The task => Beginning with the first line of the data below, extract each line up to and including the one containing "Quarto Nº6 Maria". Copy them exactly and add nothing.

Information shown =>

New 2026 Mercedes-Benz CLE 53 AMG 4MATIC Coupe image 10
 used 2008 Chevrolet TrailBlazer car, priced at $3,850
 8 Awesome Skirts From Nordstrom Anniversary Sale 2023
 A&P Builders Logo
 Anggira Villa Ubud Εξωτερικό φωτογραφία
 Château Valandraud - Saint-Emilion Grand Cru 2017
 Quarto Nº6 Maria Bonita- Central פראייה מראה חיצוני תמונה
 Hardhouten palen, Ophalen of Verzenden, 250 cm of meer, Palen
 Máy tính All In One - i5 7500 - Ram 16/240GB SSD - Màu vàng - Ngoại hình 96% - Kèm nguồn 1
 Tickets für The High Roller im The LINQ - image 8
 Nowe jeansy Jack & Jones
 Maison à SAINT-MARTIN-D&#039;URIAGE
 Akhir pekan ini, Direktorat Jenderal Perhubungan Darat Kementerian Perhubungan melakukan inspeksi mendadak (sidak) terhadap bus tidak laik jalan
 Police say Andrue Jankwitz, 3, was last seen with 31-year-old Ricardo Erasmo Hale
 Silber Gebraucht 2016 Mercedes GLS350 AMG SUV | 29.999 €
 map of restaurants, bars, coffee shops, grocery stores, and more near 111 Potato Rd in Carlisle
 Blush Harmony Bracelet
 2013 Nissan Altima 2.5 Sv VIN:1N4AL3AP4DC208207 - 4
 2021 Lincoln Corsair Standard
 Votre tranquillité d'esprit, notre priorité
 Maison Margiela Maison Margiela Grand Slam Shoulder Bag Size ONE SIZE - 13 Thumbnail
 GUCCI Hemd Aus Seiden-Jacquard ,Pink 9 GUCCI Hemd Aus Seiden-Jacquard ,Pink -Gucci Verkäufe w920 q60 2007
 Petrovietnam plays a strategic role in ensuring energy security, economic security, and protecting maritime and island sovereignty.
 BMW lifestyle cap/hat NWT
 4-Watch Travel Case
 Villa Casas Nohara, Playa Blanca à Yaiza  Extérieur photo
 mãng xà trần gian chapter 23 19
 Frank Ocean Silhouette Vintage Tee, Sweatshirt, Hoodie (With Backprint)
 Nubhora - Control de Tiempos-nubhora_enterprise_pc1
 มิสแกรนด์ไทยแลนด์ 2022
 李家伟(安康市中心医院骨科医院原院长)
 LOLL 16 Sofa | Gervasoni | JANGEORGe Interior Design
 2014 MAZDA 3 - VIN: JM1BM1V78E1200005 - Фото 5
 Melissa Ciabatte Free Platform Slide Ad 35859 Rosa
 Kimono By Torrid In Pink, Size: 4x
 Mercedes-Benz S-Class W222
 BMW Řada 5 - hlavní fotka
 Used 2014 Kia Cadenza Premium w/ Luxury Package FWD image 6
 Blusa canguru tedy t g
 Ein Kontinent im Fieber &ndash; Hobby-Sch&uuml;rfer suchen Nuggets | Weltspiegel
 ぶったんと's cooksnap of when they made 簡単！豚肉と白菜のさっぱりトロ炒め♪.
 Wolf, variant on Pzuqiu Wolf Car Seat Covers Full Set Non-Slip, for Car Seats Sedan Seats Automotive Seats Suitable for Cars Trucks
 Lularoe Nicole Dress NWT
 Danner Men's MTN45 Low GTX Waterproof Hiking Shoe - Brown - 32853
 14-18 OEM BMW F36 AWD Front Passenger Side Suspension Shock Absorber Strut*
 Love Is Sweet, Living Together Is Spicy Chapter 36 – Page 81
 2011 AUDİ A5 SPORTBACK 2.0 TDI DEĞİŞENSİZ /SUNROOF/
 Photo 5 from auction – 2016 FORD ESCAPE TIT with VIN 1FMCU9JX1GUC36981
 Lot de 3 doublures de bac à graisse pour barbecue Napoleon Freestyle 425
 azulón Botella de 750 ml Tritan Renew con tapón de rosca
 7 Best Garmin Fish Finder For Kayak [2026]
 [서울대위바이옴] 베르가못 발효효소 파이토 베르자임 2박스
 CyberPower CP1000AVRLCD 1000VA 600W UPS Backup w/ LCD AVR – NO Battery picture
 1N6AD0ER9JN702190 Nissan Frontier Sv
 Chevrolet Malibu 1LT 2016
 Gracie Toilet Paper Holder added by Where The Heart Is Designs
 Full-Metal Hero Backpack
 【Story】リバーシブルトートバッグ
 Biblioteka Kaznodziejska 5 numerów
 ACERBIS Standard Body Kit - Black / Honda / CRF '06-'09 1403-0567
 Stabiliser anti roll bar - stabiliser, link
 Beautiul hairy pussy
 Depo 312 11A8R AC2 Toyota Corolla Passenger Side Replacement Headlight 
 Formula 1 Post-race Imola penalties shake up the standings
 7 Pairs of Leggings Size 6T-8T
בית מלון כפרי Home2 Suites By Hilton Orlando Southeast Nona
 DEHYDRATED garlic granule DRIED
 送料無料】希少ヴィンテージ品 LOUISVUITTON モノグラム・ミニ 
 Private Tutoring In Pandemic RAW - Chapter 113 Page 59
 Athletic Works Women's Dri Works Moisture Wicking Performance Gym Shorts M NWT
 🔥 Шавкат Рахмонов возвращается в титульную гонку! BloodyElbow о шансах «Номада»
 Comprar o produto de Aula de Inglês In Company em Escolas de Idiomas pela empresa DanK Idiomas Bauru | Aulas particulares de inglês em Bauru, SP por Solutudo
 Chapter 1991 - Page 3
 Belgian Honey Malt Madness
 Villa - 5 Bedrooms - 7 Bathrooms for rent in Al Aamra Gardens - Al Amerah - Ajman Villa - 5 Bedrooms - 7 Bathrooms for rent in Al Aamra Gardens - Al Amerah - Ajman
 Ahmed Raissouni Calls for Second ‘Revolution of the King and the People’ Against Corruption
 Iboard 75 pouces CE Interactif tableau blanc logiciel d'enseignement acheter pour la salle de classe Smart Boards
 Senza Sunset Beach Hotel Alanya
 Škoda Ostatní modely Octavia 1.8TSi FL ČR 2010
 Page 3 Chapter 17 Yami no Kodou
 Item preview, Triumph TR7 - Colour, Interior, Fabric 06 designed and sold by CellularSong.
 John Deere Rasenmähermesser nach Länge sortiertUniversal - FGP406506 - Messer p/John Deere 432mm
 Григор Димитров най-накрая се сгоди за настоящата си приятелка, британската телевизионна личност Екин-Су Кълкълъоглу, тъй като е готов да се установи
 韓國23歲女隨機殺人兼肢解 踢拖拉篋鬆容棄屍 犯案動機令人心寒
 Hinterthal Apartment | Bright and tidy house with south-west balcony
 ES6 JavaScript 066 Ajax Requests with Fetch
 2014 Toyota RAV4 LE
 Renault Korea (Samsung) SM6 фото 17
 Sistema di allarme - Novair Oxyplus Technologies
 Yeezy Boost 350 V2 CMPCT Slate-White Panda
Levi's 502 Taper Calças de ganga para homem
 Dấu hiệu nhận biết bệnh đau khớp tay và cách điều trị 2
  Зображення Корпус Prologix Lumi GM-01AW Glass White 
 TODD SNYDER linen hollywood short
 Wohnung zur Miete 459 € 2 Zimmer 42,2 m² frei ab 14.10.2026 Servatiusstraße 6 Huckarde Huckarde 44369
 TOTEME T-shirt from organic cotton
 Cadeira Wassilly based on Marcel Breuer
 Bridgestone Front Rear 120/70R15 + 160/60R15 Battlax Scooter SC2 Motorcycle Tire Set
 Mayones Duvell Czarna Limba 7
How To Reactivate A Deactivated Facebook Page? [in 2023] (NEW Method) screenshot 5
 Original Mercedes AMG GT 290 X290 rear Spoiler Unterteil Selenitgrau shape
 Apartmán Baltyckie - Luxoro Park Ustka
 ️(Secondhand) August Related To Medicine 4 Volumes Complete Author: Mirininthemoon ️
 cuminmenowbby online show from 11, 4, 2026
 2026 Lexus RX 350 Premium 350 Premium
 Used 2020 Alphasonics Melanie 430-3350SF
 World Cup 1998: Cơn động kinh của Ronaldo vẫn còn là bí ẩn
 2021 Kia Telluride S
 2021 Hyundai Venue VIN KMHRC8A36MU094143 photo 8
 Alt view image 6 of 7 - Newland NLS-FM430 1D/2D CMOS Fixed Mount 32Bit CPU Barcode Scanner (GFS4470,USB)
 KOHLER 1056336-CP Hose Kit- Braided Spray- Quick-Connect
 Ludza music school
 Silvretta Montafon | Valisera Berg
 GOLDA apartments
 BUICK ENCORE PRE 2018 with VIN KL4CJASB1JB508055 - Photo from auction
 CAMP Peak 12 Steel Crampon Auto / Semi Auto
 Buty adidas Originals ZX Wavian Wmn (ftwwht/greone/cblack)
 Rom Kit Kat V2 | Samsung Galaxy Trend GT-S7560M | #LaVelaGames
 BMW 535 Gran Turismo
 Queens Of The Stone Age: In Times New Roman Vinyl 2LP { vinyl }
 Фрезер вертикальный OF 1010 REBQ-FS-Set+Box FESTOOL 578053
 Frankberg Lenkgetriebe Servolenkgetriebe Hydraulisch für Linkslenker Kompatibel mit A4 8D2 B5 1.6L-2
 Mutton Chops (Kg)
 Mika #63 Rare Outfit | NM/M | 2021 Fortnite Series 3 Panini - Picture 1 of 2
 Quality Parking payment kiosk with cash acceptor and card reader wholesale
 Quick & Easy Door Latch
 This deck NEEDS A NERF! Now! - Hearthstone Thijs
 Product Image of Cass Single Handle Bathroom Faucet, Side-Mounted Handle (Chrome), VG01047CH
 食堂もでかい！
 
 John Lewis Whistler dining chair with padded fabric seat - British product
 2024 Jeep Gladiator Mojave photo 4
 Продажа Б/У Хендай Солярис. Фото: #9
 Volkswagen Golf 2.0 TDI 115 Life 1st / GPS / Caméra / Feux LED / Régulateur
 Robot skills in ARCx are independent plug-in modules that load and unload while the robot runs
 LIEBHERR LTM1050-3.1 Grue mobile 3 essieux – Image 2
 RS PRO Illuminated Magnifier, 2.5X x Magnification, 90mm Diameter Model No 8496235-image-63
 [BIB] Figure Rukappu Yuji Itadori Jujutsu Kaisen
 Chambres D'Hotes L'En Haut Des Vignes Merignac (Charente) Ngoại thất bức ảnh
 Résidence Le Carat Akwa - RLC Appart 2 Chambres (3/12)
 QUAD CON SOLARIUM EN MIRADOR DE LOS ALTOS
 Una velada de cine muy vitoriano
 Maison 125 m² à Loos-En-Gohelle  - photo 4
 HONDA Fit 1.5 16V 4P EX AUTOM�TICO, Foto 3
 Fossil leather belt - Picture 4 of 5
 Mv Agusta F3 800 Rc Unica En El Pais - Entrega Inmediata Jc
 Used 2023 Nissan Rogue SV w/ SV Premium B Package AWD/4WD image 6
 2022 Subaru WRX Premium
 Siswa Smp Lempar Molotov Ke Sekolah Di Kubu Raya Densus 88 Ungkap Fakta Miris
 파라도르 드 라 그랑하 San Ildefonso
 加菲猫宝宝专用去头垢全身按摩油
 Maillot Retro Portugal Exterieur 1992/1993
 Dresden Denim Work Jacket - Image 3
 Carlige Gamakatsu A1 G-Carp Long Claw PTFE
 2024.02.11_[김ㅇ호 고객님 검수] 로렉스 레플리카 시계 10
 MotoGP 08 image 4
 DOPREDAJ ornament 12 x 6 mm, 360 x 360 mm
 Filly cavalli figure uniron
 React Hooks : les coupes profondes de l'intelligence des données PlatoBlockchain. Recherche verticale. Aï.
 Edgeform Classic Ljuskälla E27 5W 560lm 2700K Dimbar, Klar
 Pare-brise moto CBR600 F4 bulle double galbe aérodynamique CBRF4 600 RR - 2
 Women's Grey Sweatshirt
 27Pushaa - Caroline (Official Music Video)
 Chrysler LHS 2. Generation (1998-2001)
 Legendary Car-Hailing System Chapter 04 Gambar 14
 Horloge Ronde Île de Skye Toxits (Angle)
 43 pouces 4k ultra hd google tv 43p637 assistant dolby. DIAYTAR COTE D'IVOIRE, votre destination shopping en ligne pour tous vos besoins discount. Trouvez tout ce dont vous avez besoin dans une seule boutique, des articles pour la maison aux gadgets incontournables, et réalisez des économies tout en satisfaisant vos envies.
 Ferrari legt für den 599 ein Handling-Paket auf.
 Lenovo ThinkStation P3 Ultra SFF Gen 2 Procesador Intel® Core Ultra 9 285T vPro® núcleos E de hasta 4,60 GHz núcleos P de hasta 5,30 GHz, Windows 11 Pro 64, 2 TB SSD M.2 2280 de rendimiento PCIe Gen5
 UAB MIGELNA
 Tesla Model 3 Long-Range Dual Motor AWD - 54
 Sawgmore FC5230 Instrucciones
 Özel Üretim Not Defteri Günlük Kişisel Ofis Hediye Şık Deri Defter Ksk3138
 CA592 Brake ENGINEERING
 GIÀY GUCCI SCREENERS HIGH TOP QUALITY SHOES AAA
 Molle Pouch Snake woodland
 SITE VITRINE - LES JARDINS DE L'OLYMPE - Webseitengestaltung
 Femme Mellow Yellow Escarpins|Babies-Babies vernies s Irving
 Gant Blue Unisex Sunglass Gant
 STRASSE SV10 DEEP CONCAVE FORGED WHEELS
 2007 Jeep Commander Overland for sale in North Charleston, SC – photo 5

Response to this task =>
New 2026 Mercedes-Benz CLE 53 AMG 4MATIC Coupe image 10
 used 2008 Chevrolet TrailBlazer car, priced at $3,850
 8 Awesome Skirts From Nordstrom Anniversary Sale 2023
 A&P Builders Logo
 Anggira Villa Ubud Εξωτερικό φωτογραφία
 Château Valandraud - Saint-Emilion Grand Cru 2017
 Quarto Nº6 Maria Bonita- Central פראייה מראה חיצוני תמונה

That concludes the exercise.